L’immagine di Giampiero Marcocci diventa esemplare metafora di questa riemersione verso la luce affrontata da Telemaco il quale non si concede nessuna vena malinconica, nessun furore accecante e nefasto, asseconda, invece, l’dea che “qualcosa dal mare torna sempre”.

Il figlio omerico ha trovato nuovo vigore e significato quando Massimo Recalcati, mirabilmente ne Il complesso di Telemaco, lo ha fatto assurgere a figura centrale e attiva, in grado di soppiantare le figure di Edipo e Narciso dal classico orizzonte analitico. Telemaco è portatore di uno struggente desiderio rivolto, con sguardo interrogante ma colmo di speranza, verso le immense distese del mare. Il figlio che può essere il giusto erede, pronto a “sprofondare nel proprio passato non per ritrovare le proprie origini ma per risalire, per riemergere da esse”.

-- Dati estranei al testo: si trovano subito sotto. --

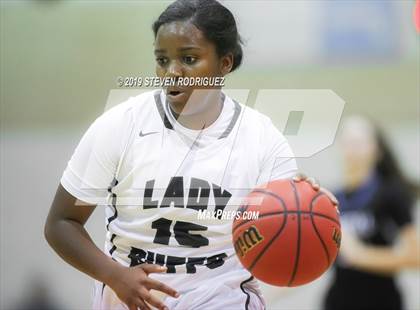 Thumbnail 1 in Manteca vs. Capital Christian photogallery.
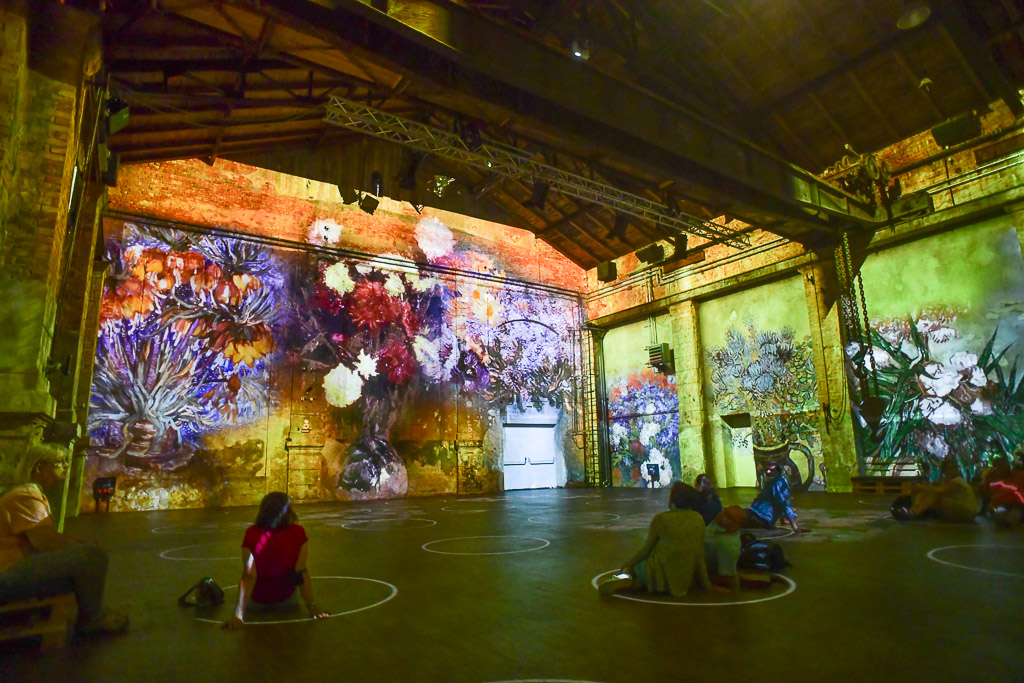Bunte Van-Gogh-Projektion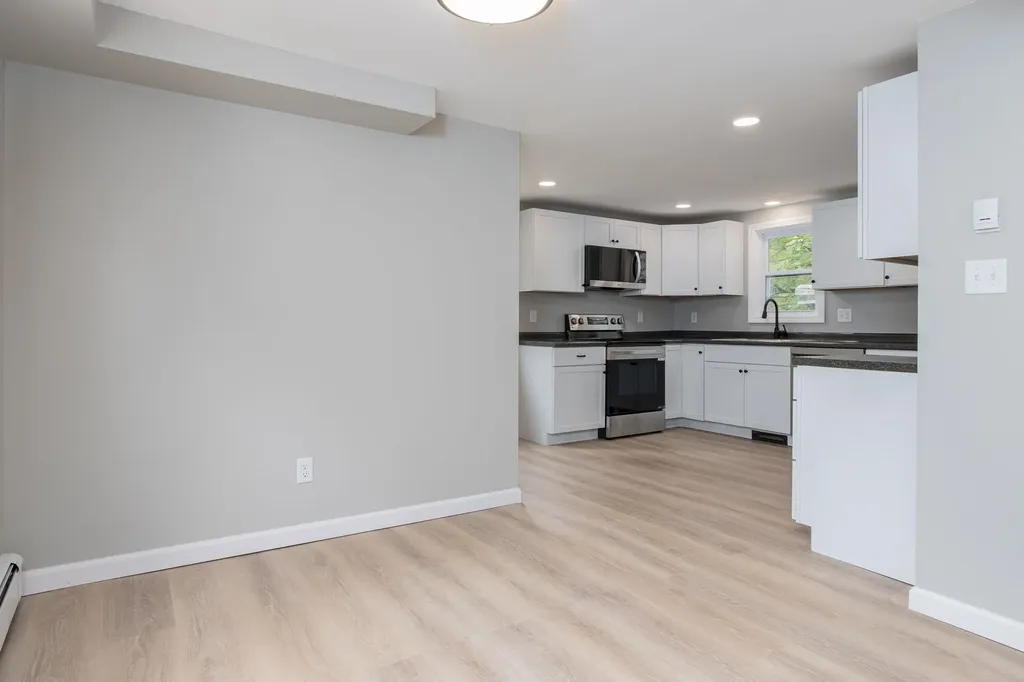 783 Hooksett Road Auburn NH 03032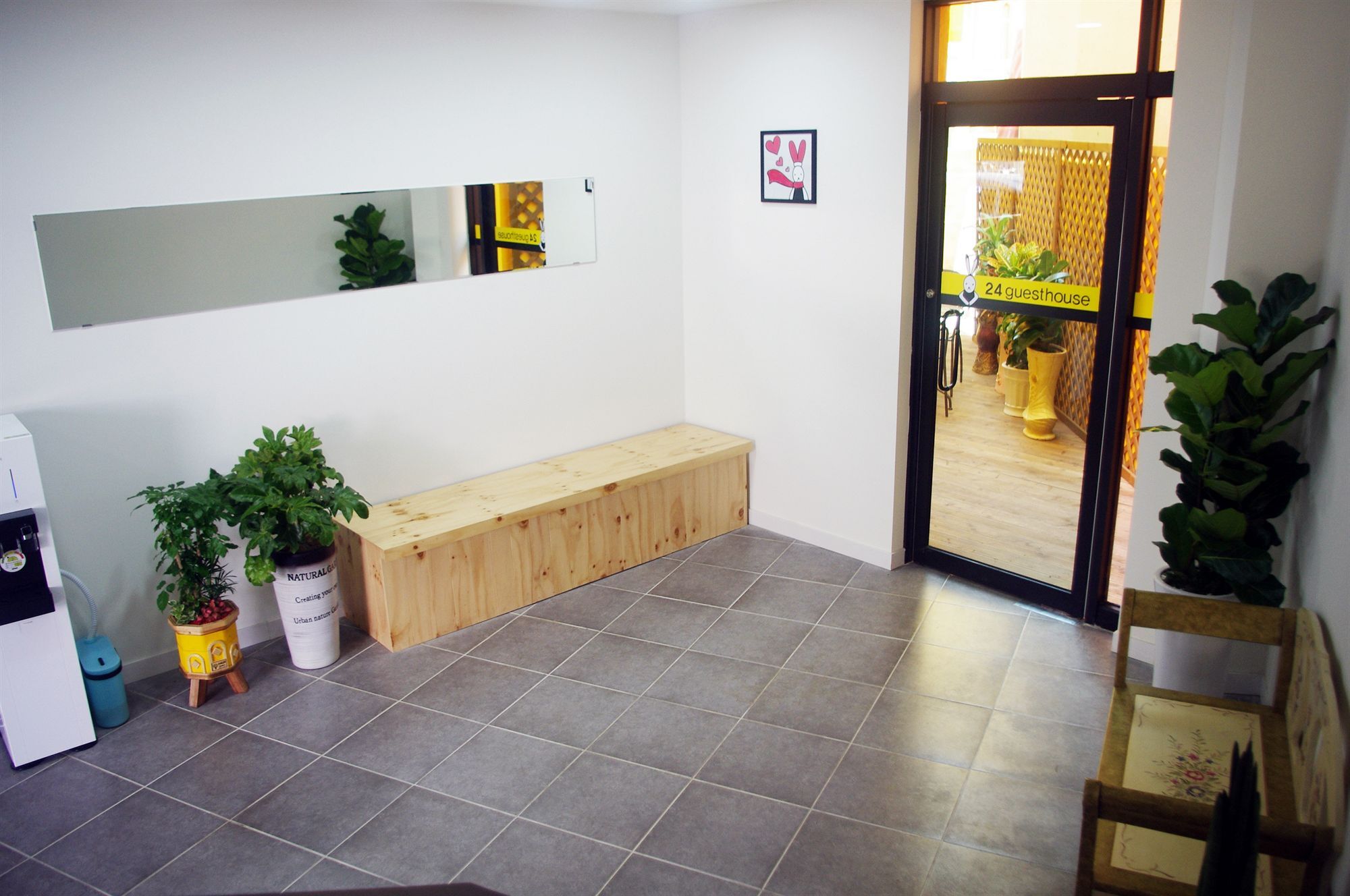 24 Guesthouse Yeosu Bagian luar foto
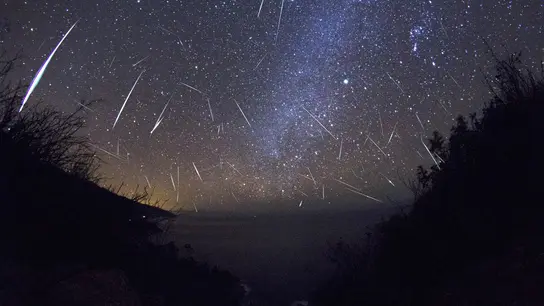 Imagen obtenida a lo largo de una noche de Gemínidas en 2012. Imagen obtenida a lo largo de una noche de Gemínidas en 2012.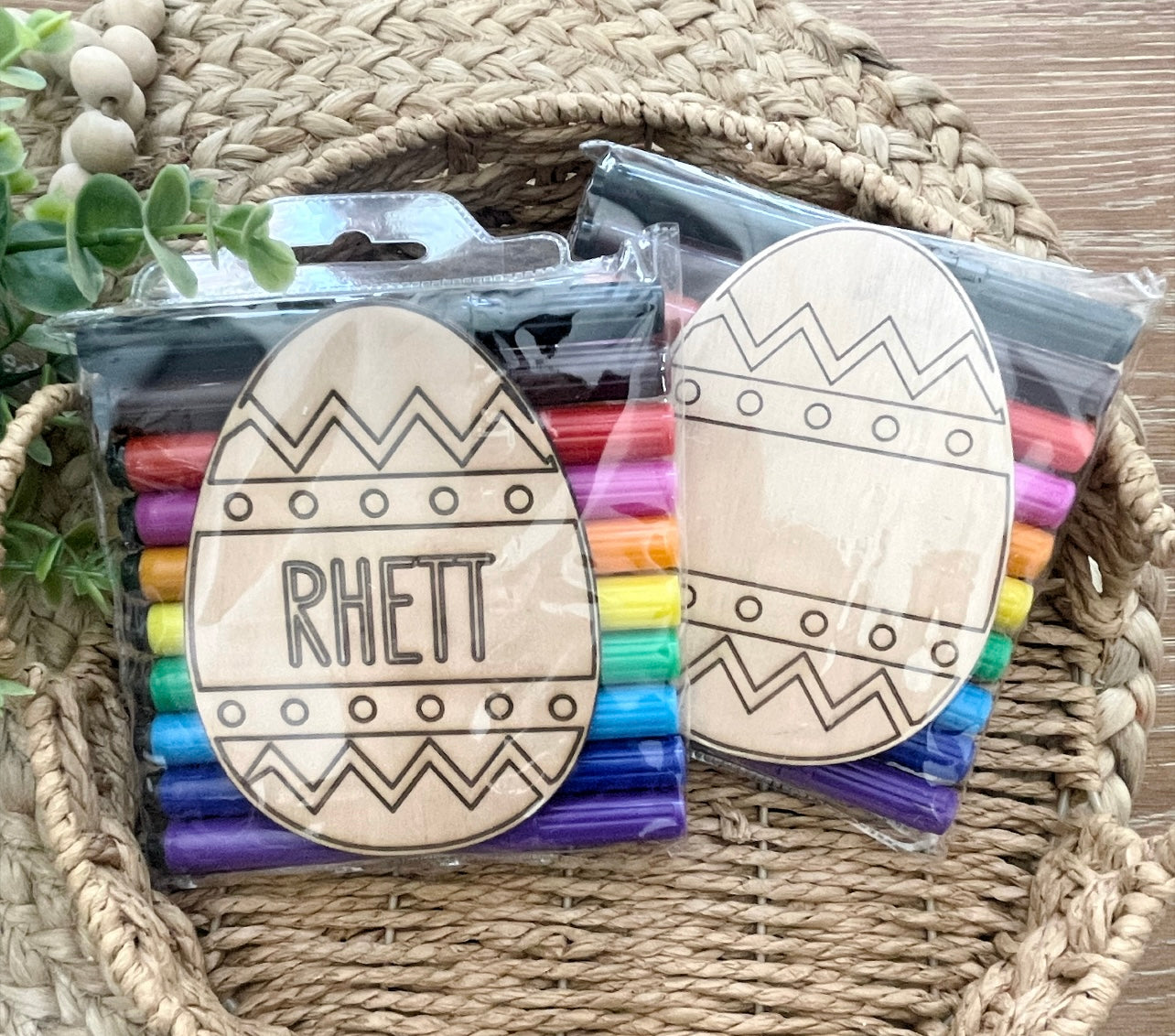 Personalized egg coloring kit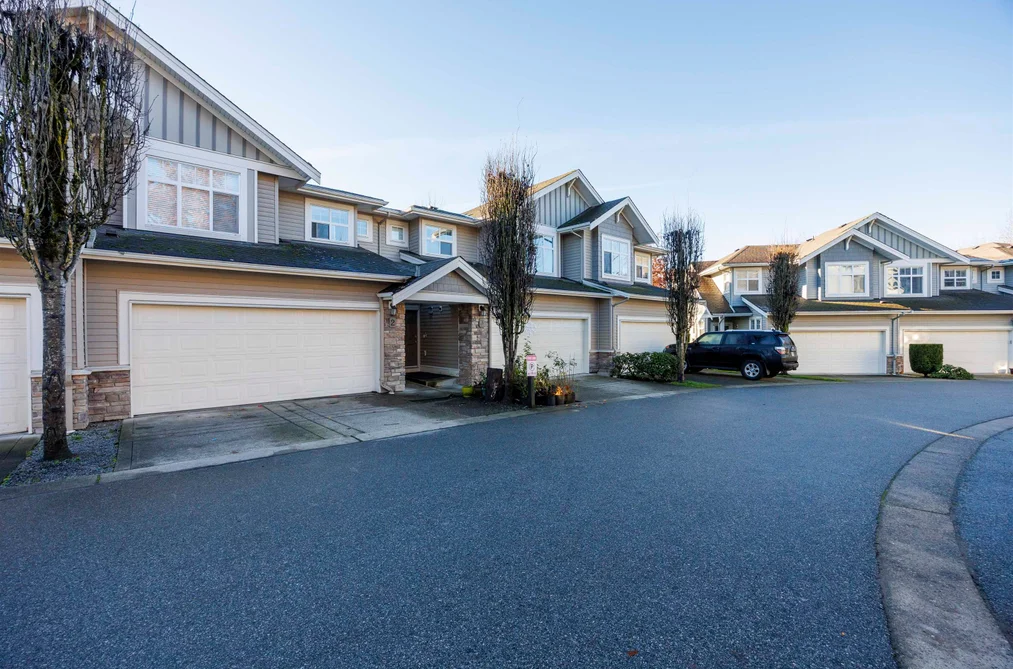 3 11282 COTTONWOOD DRIVE, Maple Ridge BC V2X 8W7, Maple Ridge BC — Residential for Sale - Photo 2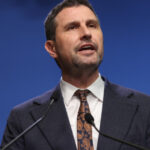 vicepremierul tanczos barna sgr trebuie mentinut in forma actuala si lasat sa se stabilizeze inainte de extindere 69318e3317445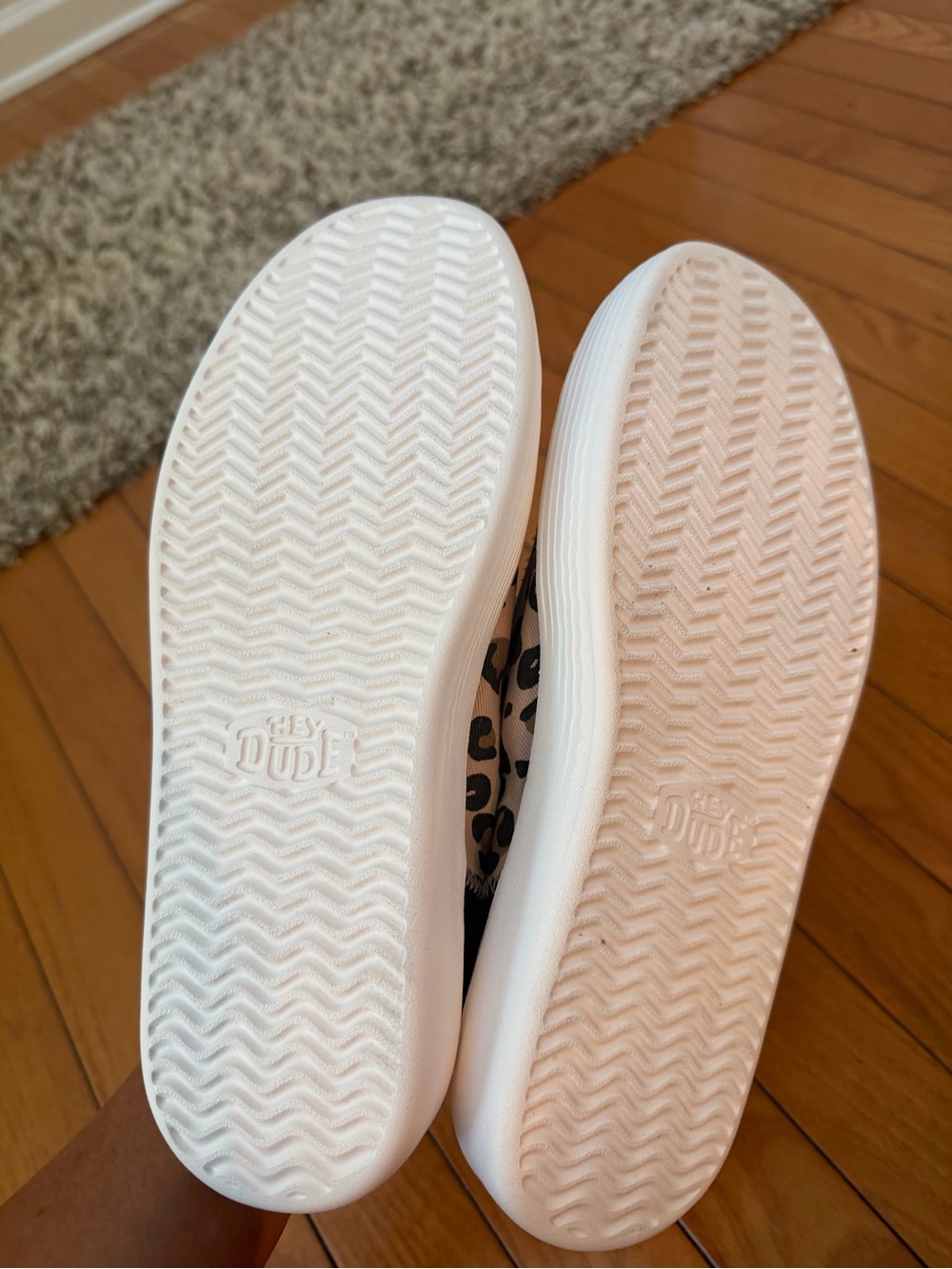 Hey Dude Leopard Print Slip-On Sneakers in Tan, Black, White size 8 nwt - Picture 5 of 7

Dalla prima immagine, resa vibrante da un lightbox, prende avvio la recente ricerca del fotografo, concentrata su una serie di marine dalle quali emergono silhouettes di isole, scogli inospitali, svettanti costoni pietrificati, anfratti rocciosi di baie solitarie e ventose. Isole come miraggi, evocate dal desiderio di un altrove. Luoghi rivestiti di colori pallidi e tenui; visioni e orizzonti ammantati di nebbie impalpabili dai riverberi perlacei.

Un percorso che diventa un viaggio poetico per cogliere, usando le parole di Angelo Arioli nel suo Isolario arabo medioevale, “visioni, fantasticherie, miraggi che delineano la terra sul filo dell’orizzonte”.

Le isole diventano il punto d’approdo del vagabondare ed esprimono i desideri inconsci di un rifugio dove dimorare al riparo dei flutti impetuosi della ricerca avventurosa. Se all’inizio Telemaco guarda il mare dalla rassicurante spiaggia, dove cielo e mare trovano una confluenza stabile rispetto all’ignoto, successivamente affronta il pericolo insito in ogni gesto che sceglie la magia primitiva della scoperta di mondi lontani.

Il viaggio descritto da Marcocci – con le sue isole che appaiono e scompaiono, Borondon, dove si odono urla strazianti di regine tradite, Martana; infestate da serpenti, Queimada; colonizzate da gatti, Tashirojima; visitate da angeli, Bergeggi; punti d’approdo nel peregrinare dell’eroe omerico, Ciclopi, Circeo, Canarie, Eolie, Itaca – diventa un percorso iniziatico dove mitologia e topografia contemporanea si intrecciano.

L’autore esprime, così, il desiderio di un orizzonte pacificato che invita all’attesa, ma anche allo slancio verso nuove avventure: un doppio movimento di cui l’arte è testimonianza diretta.